*WHAT YOU HAVE TO DO*. Go through the data below and return each line where the string "with" appears.

*EXERCISE DATA*.
────────

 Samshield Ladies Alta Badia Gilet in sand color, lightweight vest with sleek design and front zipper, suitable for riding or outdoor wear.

────────

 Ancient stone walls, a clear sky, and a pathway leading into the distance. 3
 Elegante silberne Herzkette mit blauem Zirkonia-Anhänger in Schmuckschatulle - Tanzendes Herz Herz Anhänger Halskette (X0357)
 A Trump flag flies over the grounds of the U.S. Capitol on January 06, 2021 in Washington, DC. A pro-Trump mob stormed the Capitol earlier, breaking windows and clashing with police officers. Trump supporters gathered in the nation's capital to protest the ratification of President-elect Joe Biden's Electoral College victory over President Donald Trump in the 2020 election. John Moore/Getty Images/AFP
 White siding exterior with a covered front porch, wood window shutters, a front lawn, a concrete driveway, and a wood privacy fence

────────

*RESPONSE BELOW*.
 Samshield Ladies Alta Badia Gilet in sand color, lightweight vest with sleek design and front zipper, suitable for riding or outdoor wear.
 A Trump flag flies over the grounds of the U.S. Capitol on January 06, 2021 in Washington, DC. A pro-Trump mob stormed the Capitol earlier, breaking windows and clashing with police officers. Trump supporters gathered in the nation's capital to protest the ratification of President-elect Joe Biden's Electoral College victory over President Donald Trump in the 2020 election. John Moore/Getty Images/AFP
 White siding exterior with a covered front porch, wood window shutters, a front lawn, a concrete driveway, and a wood privacy fence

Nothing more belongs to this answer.